Re: Multiple log entries from InvokeScriptedProcessor initialize() ?

Posted by James Wing <jv...@gmail.com>.
James,

I apologize, I did not absorb the fact that you are using the Python
logging package rather than the built-in Java logging.  My advice below is
not helpful.

Are you aware that you can use the Java logging from within scripts?  I
believe you can configure it to provide the various files you need.

On Tue, Apr 4, 2017 at 11:35 AM, James McMahon <js...@gmail.com> wrote:

> How many distinct log files will that logback approach permit me James? I
> have six different workflow paths for which I want to log to separate and
> distinct log files.
>
> From this initialization, which of my python logging commands would stay
> in initialize() and which would move to the logback.xml?
>               self.logger = logging.getLogger('nifi_ISP_1')
>
>                self.logger.setLevel(logging.DEBUG)
>
>                # establish a file handler…
>
>                fh = logging.FileHandler('/home/nif
> i/latest/logs/TestLog.log')
>
>                fh.setLevel(logging.DEBUG)
>
>                # create a formatter and associate it with our handler…
>
>                formatter = logging.Formatter('%(asctime)-15s %(message)s')
>
>                fh.setFromatter(formatter)
>
>                self.logger.addHandler(fh)
>
>                self.logger.info('Stooges 2020: Larry, Curley, Moe for
> President')
>
>
> So the problem here is that when I Stop the processor, the file handles
> are not eliminated? The initialize() runs at Start only, but if it has been
> stopped and started one or more times prior it inherits all that previous
> baggage.
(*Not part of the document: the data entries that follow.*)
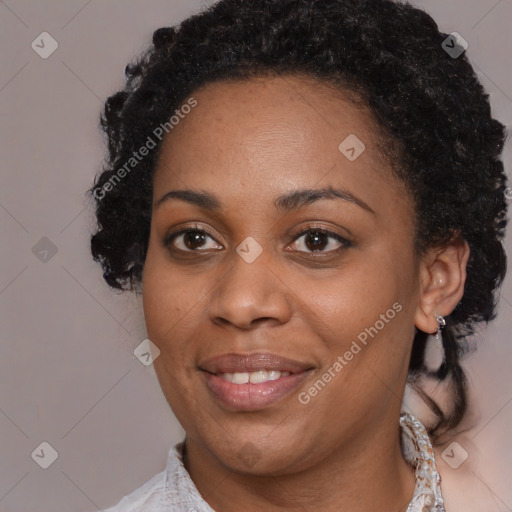 Joyful black young-adult female with medium  brown hair and brown eyes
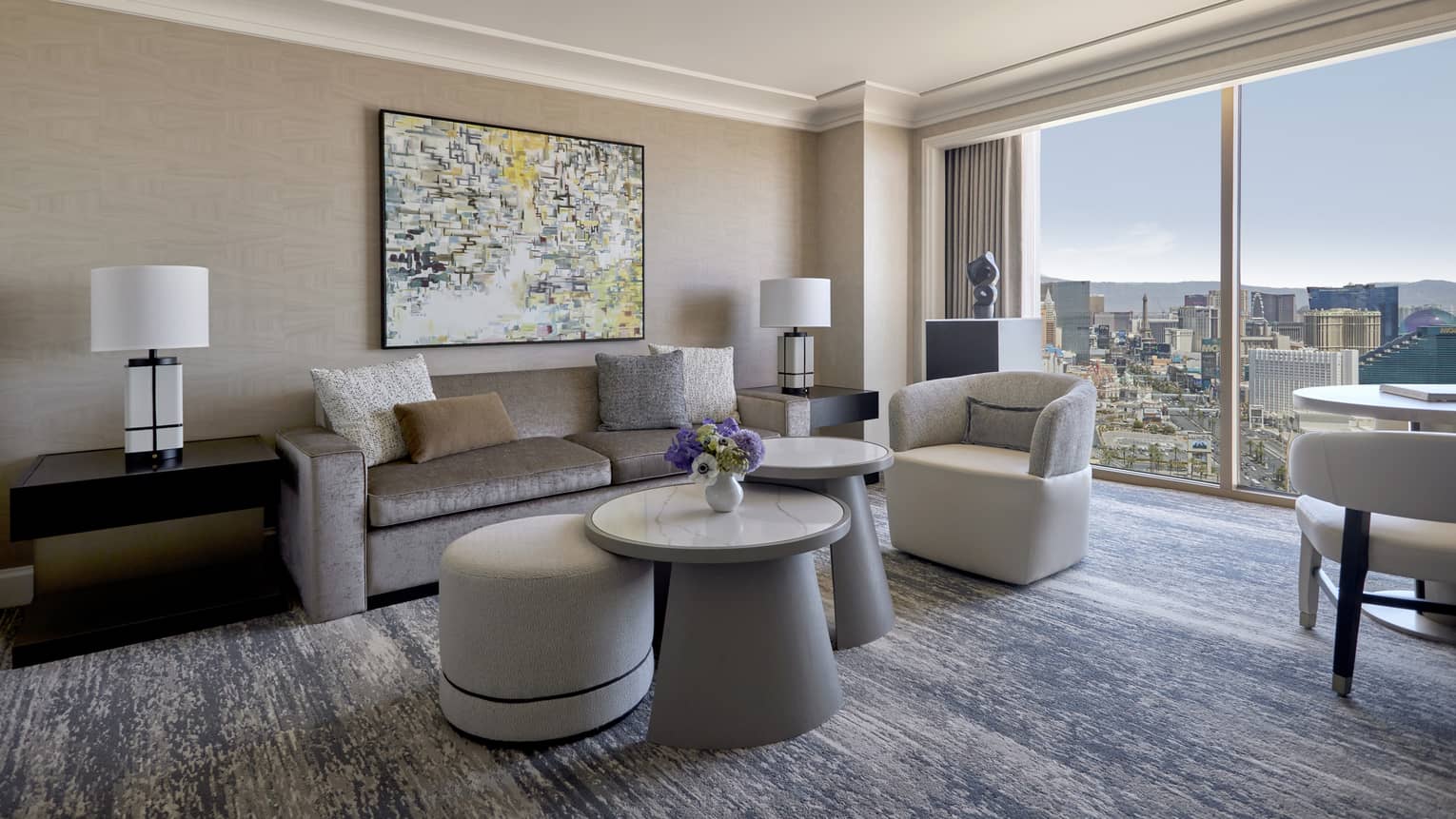 A sitting area with large window, sofa, coffee table, chairs, and small table.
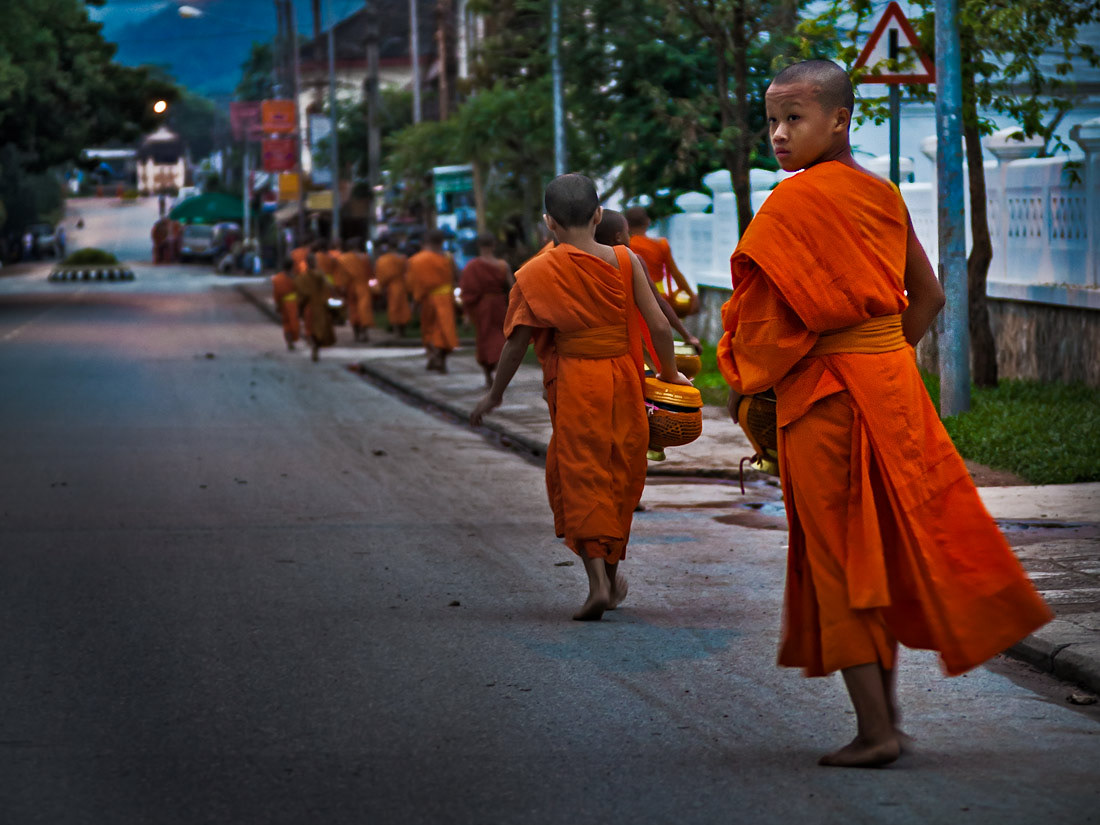 Early morning in Luang Prabang, Laos. Young monks are out on their daily rounds collecting food from villagers.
Is that right?
>
> Thanks very much.
>
> Jim
>
> On Tue, Apr 4, 2017 at 2:18 PM, James Wing <jv...@gmail.com> wrote:
>
>> James,
>>
>> I suspect your call to self.logger.addHandler(fh) is cumulatively adding
>> to your log results as initialize() is called again.  Can you define the
>> log file and formatting in your NiFi's conf/logback.xml (no restart
>> required)?  Then you can safely call getLogger() and access the shared
>> configuration.
>>
>>
>> Thanks,
>>
>> James
>>
>> On Tue, Apr 4, 2017 at 10:02 AM, James McMahon <js...@gmail.com>
>> wrote:
>>
>>> Good afternoon. I have been working to configure logging to a specific
>>> log file that associates exclusively with one NiFi processor instance. I
>>> understood from previous posts that InvokeScriptedProcessor processor lends
>>> itself to this requirement. ISP allows for code that runs once - and only
>>> once - when the processor is started.
>>>
>>>
>>>
>>> In this code snippet that follows I show how I establish my logging in
>>> my ISP initialize() method. The problem I am having is that with each
>>> stop/restart of the processor during test and development it appears that I
>>> am initializing new instances of my logger following each restart of the
>>> processor. After my first run my log has
>>>
>>> Stooges 2020…
>>>
>>> After my second run,
>>>
>>> Stooges 2020…
>>>
>>> Stooges 2020…
>>>
>>> After my third,
>>>
>>> Stooges 2020…
>>>
>>> Stooges 2020…
>>>
>>> Stooges 2020…
>>>
>>> And so on. After three runs of my ISP processor I have six log entries
>>> rather than the three I expect.
>>>
>>>
>>>
>>> My code below is lacking something. How do I correct this error so that
>>> I do not output N lines to the log file on run N?
>>>
>>>
>>>
>>> class UpdateProcessors(Processor) :
>>>
>>>
>>>
>>>      def __init__(self) :
>>>
>>>           self.__rel_success = Relationship.Builder().name("s
>>> uccess").description("Success").build()
>>>
>>>
>>>
>>>      def initialize(self, context) :
>>>
>>>           try :
>>>
>>>                # create a logger for this processor…
>>>
>>>                self.logger = logging.getLogger('nifi_ISP_1')
>>>
>>>                self.logger.setLevel(logging.DEBUG)
>>>
>>>                # establish a file handler…
>>>
>>>                fh = logging.FileHandler('/home/nif
>>> i/latest/logs/TestLog.log')
>>>
>>>                fh.setLevel(logging.DEBUG)
>>>
>>>                # create a formatter and associate it with our handler…
>>>
>>>                formatter = logging.Formatter('%(asctime)-15s
>>> %(message)s')
>>>
>>>                fh.setFromatter(formatter)
>>>
>>>                self.logger.addHandler(fh)
>>>
>>>                self.logger.info('Stooges 2020: Larry, Curley, Moe for
>>> President')
>>>
>>>           except :
>>>
>>>                pass
>>>
>>>
>>>
>>>      def getRelationships(self) :
>>>
>>> .
>>>
>>> .
>>>
>>> .
>>> processor = UpdateAttributes()
>>>
>>
>>
>

Re: Multiple log entries from InvokeScriptedProcessor initialize() ?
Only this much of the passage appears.